## DATA
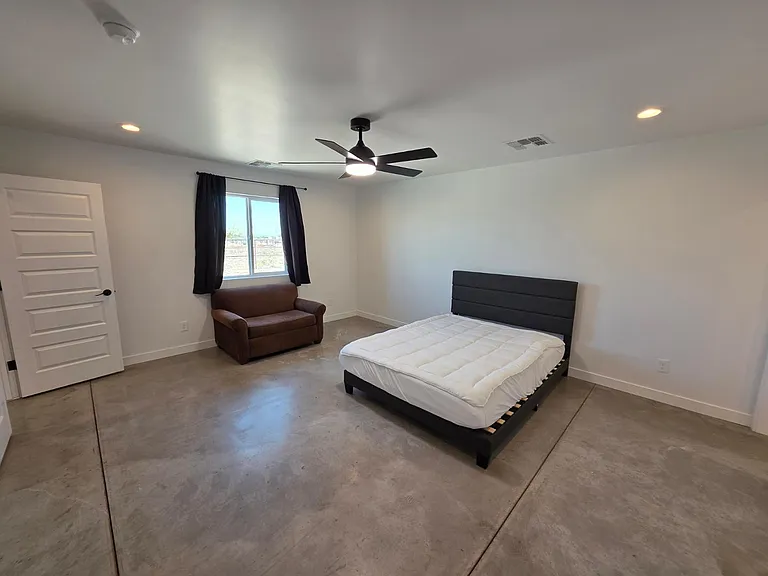 2061 W Daniel Rd #2 — Photo 10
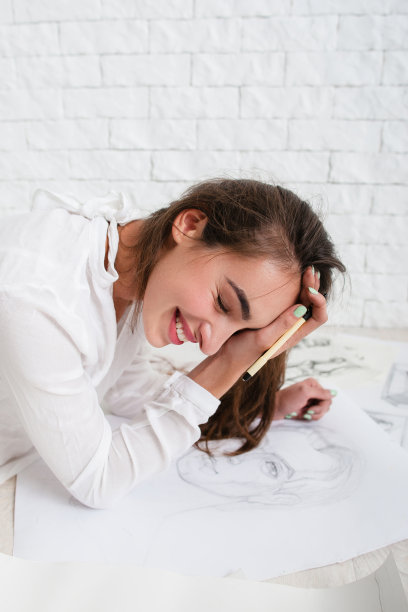 微笑的女人艺术家画肖像特写图片下载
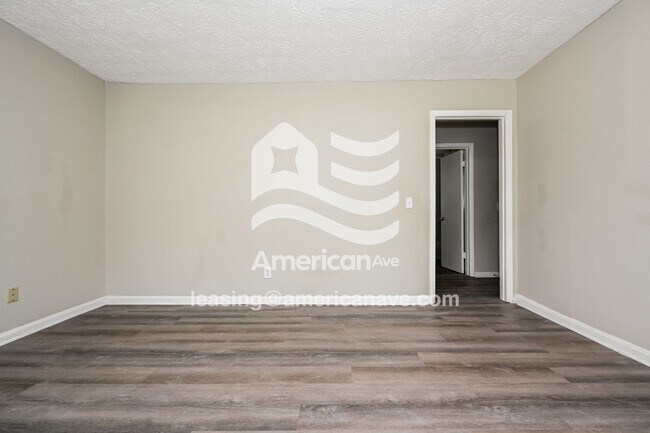 Building Photo - 202 Wallace Dr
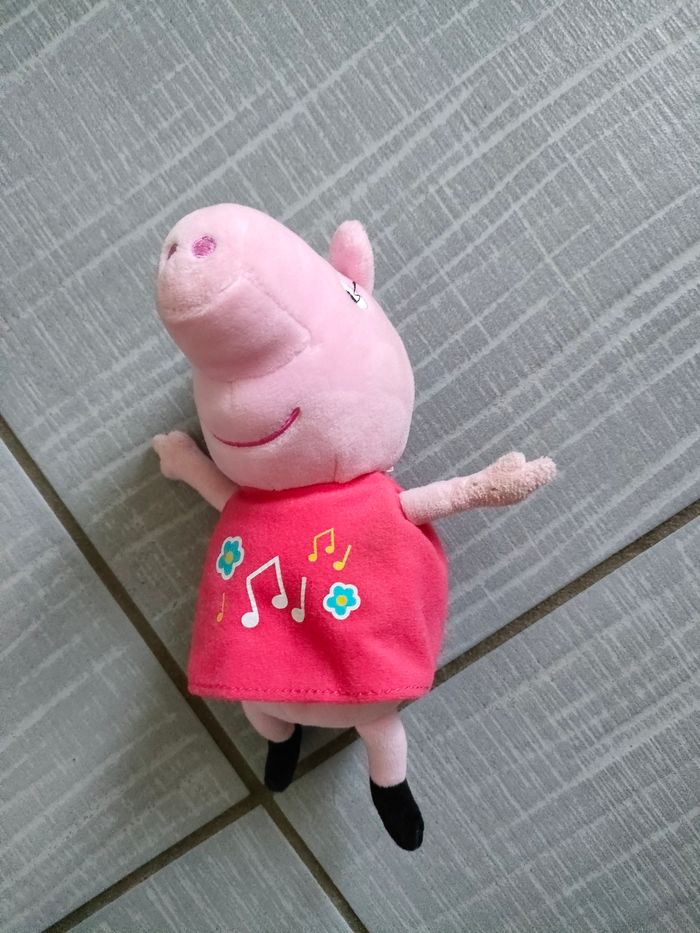 Peluche musicale Peppa Pig TBE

## PROBLEM TO SOLVE
Could you copy the data above exactly, leaving the pictures out?

## EXERCISE SOLUTION
 2061 W Daniel Rd #2 — Photo 10
 微笑的女人艺术家画肖像特写图片下载
 Building Photo - 202 Wallace Dr
 Peluche musicale Peppa Pig TBE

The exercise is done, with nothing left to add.